Just look at his sculpture of David, you cannot find a more violent theme.

Strangely, considering the Bode Museum’s world-renowned collection of Donatello’s, this is the first time an exhibition devoted to the artist has taken place in Berlin. For centuries, he had been viewed as “being too naturalistic,” says Rowley, “his work lacked the more traditional beauty of Luca della Robbia’s or other younger artists’ work.”

However, it is for these reasons that Donatello’s work was so unprecedented. For him, sculpture needed to become true to life even if that meant showing the ugly side of humanity.

Donatello, David, 1408-09 und 1416, Marmor, © Museo Nazionale del Bargello, Firenze, mit Genehmigung des Ministeriums für Kultur / Bruno Bruchi

“They were violent too,” Rowley continues, “just look at his sculpture of David, you cannot find a more violent theme.” Donatello’s sculpture was the first freestanding nude made since antiquity.

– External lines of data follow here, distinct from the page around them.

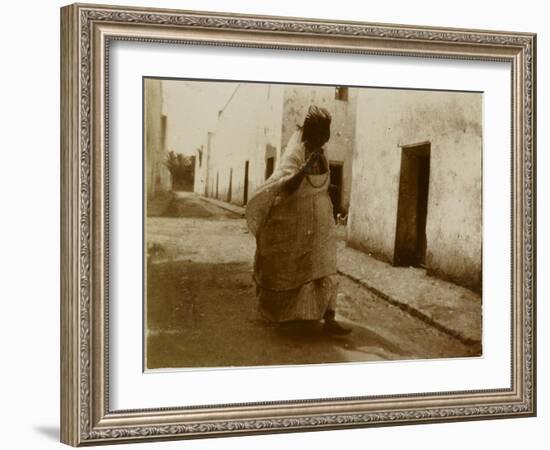 Voyage en Algérie : femme marchant dans une rue de Biskra-Henri Jacques Edouard Evenepoel-Framed Giclee Print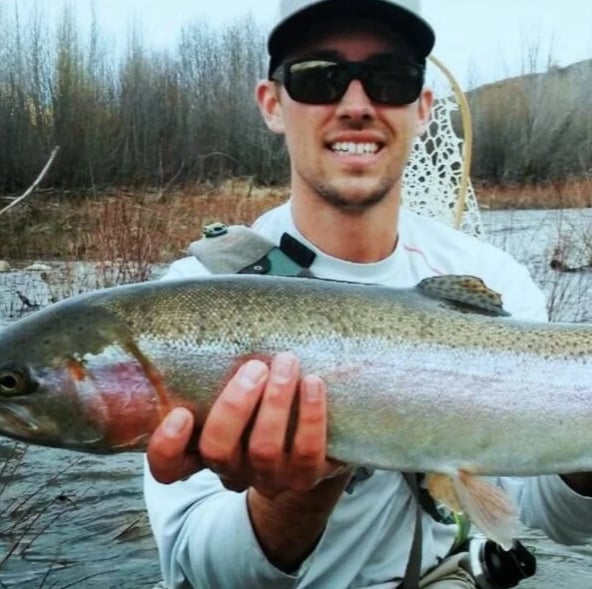 Jake Bell holding a trout, out on the water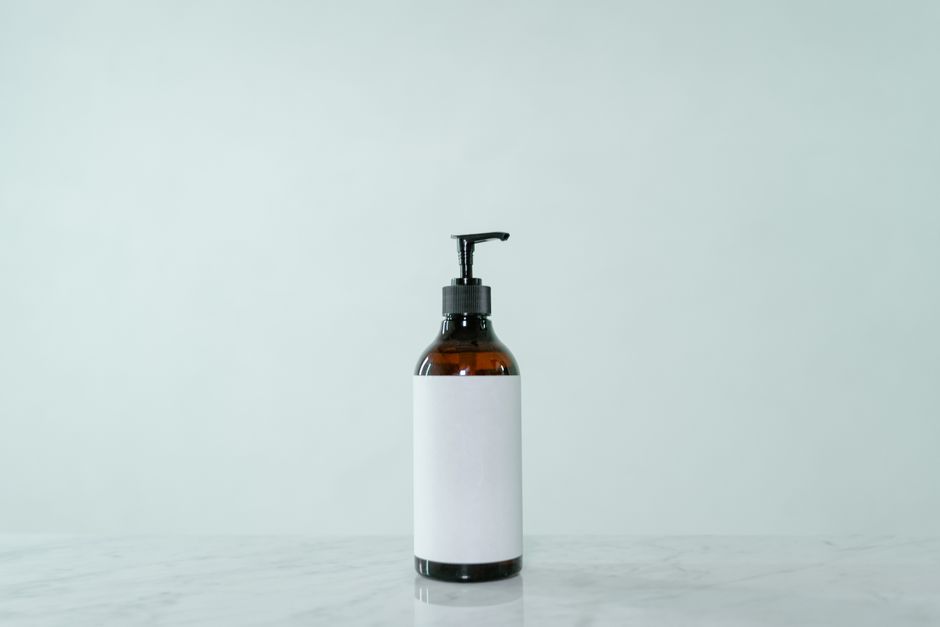 Minimalist display of a brown glass pump bottle with blank label on a light surface.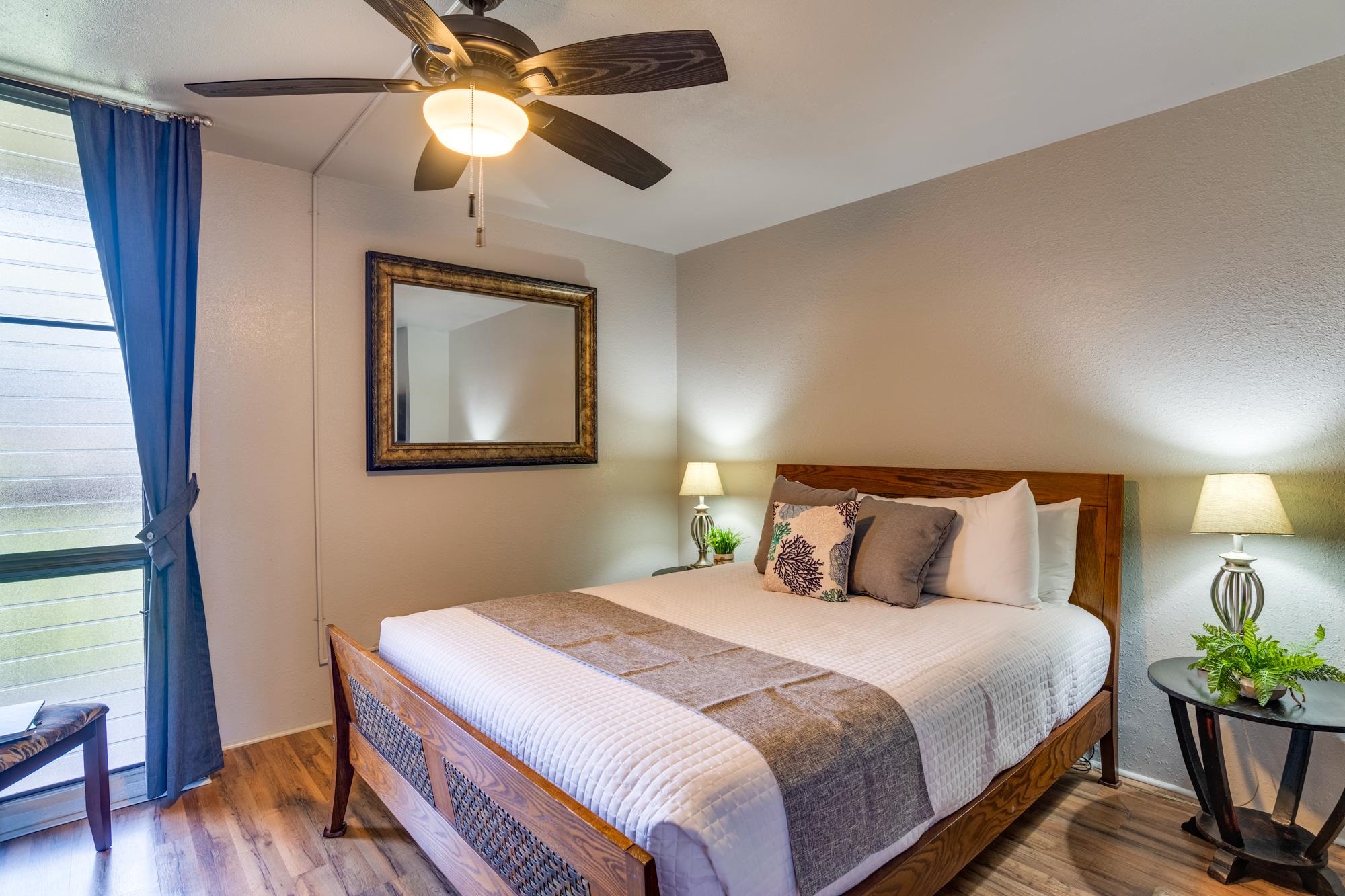 2191 South Kihei Road, Unit 2317 Kihei, HI 96753 - Photo 14 of 30 a bedroom with a bed and a chandelier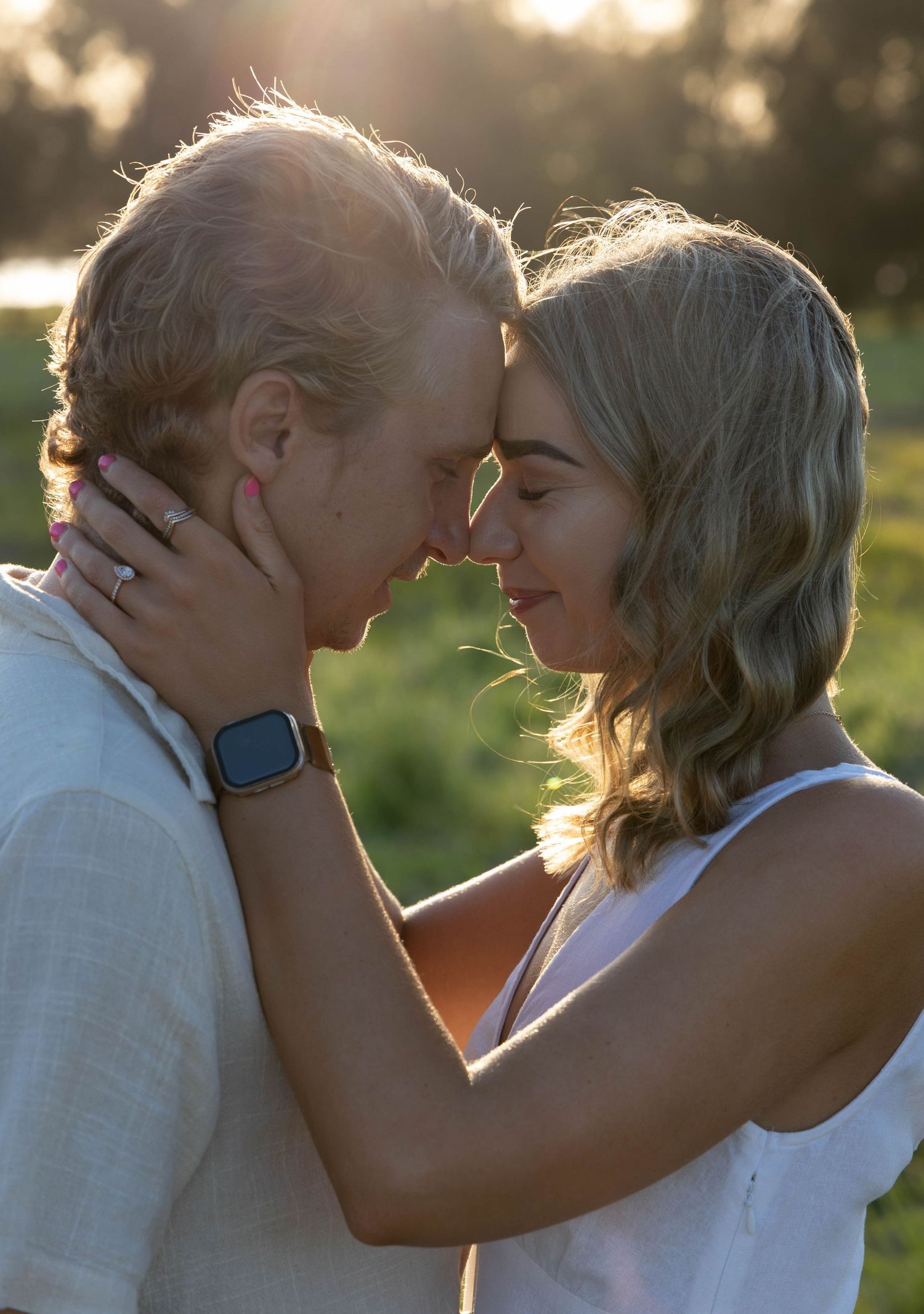 Engagement photos in a field.
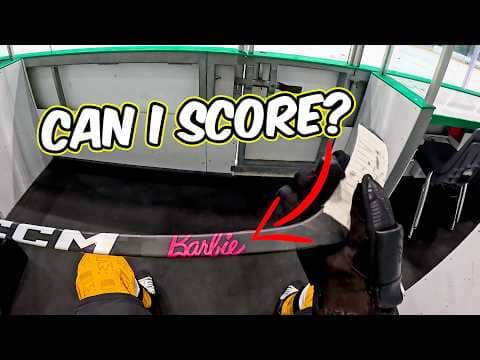 Trying to Score with a Barbie Hockey Stick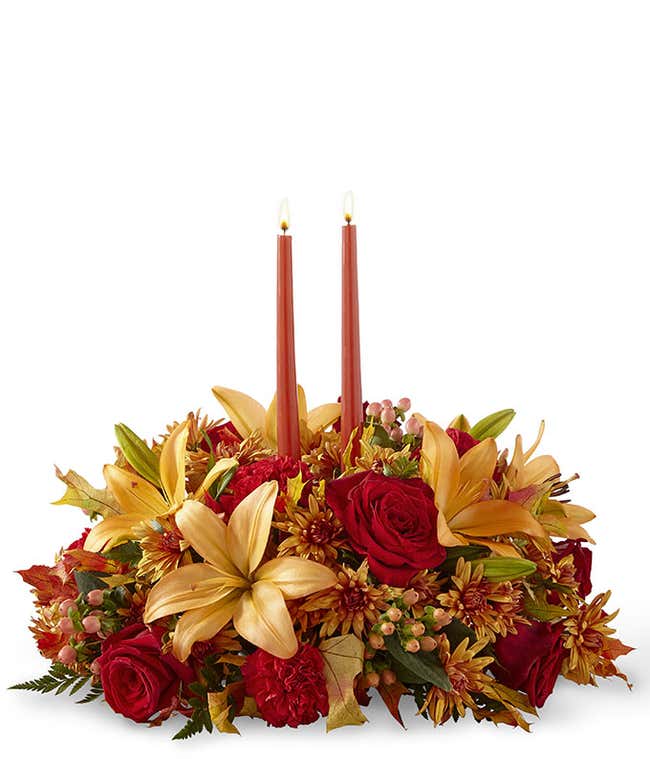 A stunning floral centerpiece featuring red roses, red carnations, orange lilies, peach berries, and bronze cushion poms, complemented by two orange taper candles.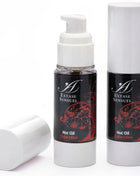 Zwei schwarze und weiße pumpflaschen extase sensuel hot oil mit roten blumendesigns für kubafrei wärmestmmulierendes öl 30 ml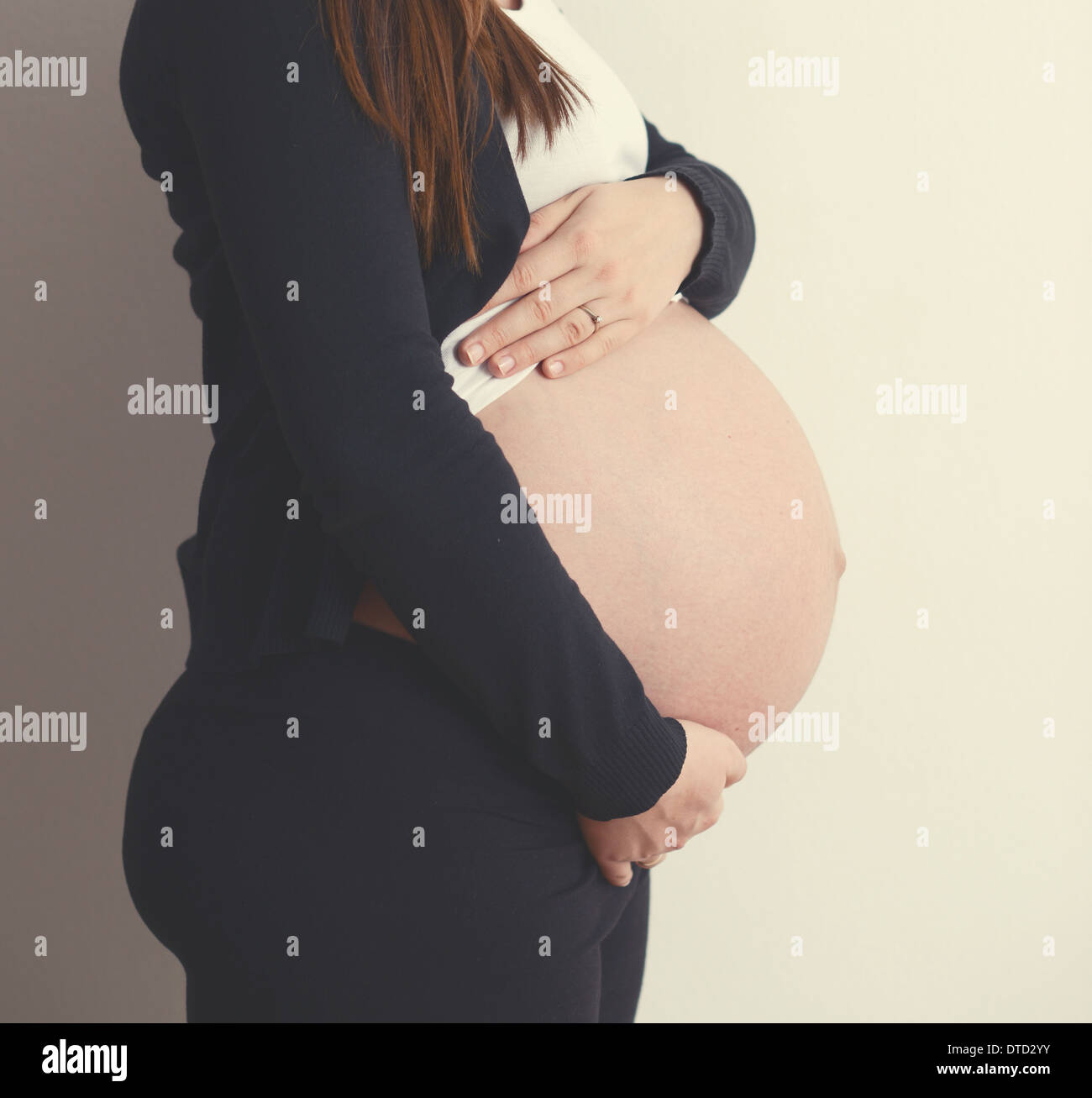 Pregnant woman holding belly with hands Stock Photo Alamy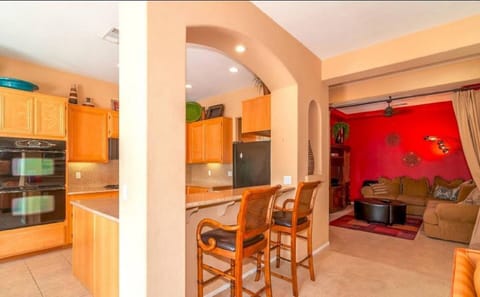 The counter can fit 2 on the stools.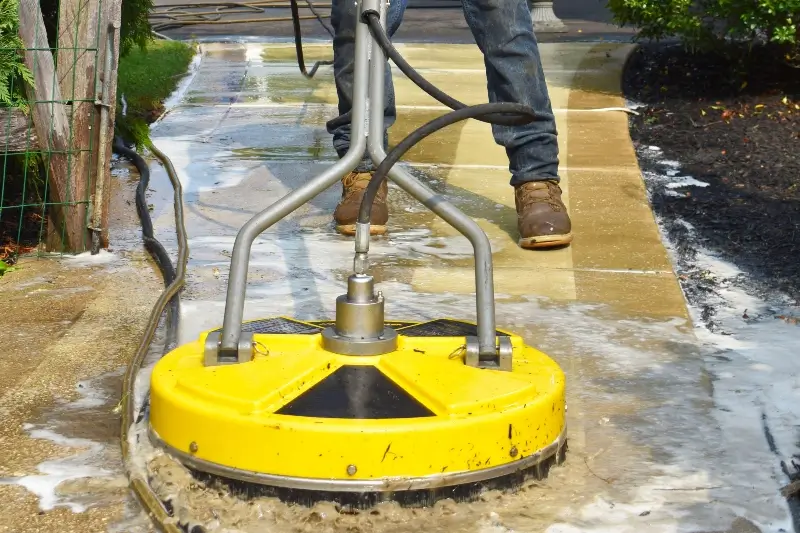 A worker pressure washing the sidewalk in front of a business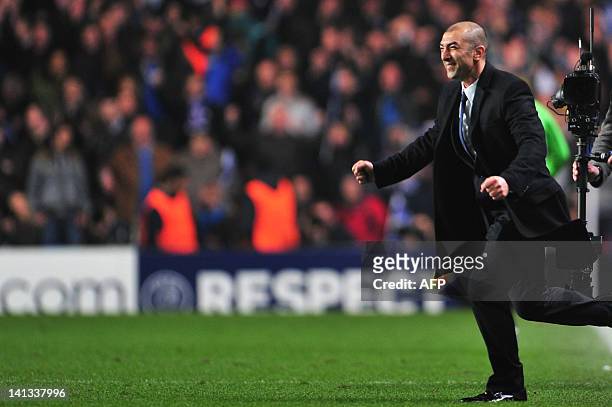 Chelsea's coach Roberto Di Matteo celebrates at the end of the UEFA Champions League round of 16 second leg football match Chelsea vs Napoli at...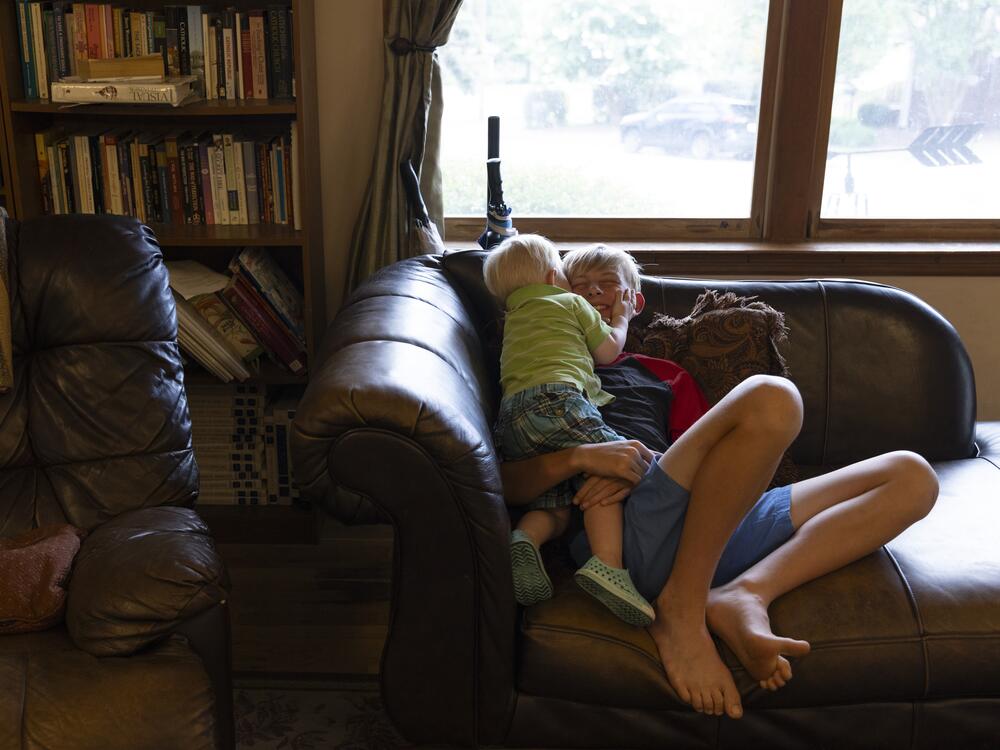Dimitry plays with his youngest brother, Sven, at their home.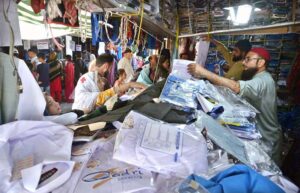 People busy in purchasing school uniform for their children at G-6 sunday bazar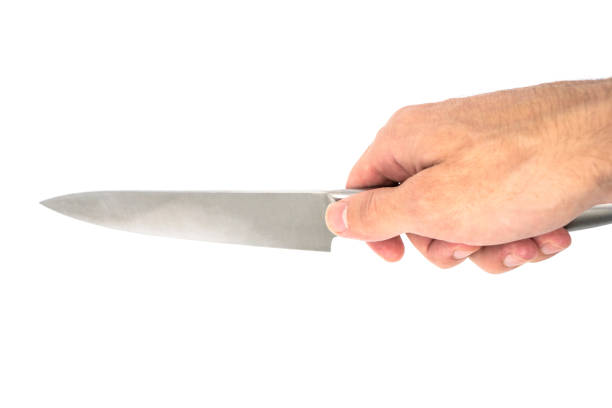 istock Kitchen knife in hand isolated on white background. Knife on a white background. 1436790955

David stands nonchalantly on Goliath’s severed head, cocky, with one hand holding a sword and the other resting on his hip. What’s remarkable for such a brutal scene, is the effeminacy of the naked boy’s pose.

Although the bronze David can’t leave Italy – a perfect plaster cast will be in the entrance hall – his earlier marble David (the model for Michelangelo’s David) has made the trip over. Numerous other works will also be arriving, such as the Amor Attis, considered to be one of the most astonishing objects of the 15th century.

The small and ecstatic bronze has the wings of Eros, the ankle wings of Mercury, the tail of a faun and the harmless snake of Hercules as a child. “No one knows what it is,” Rowley says, “it is totally bizarre, but we will be taking bronzes from Berlin’s antique collection to explain the different iconographies behind it.”

Image credit: Donatello, Amor-Attiis, Vorderansicht, um 1435–40, Bronze, teilweise vergoldet, © Museo Nazionale del Bargello, Firenze, mit Genehmigung des Ministeriums für Kultur / Bruno Bruchi

The exhibition is part of a quite unprecedented collaboration between two Italian institutions, the Victoria and Albert Museum in London and Berlin’s Bode Museum. With around 90 works that have previously never been shown together, the exhibition will reveal how Donatello’s story is inseparable from the history of the Renaissance.

“The most important thing about Donatello is that all the human emotions are there: joy, sadness, empathy and violence,” says Rowley. “Through Donatello’s art, you discover the world, you discover yourself and you finally understand what the Renaissance really means.”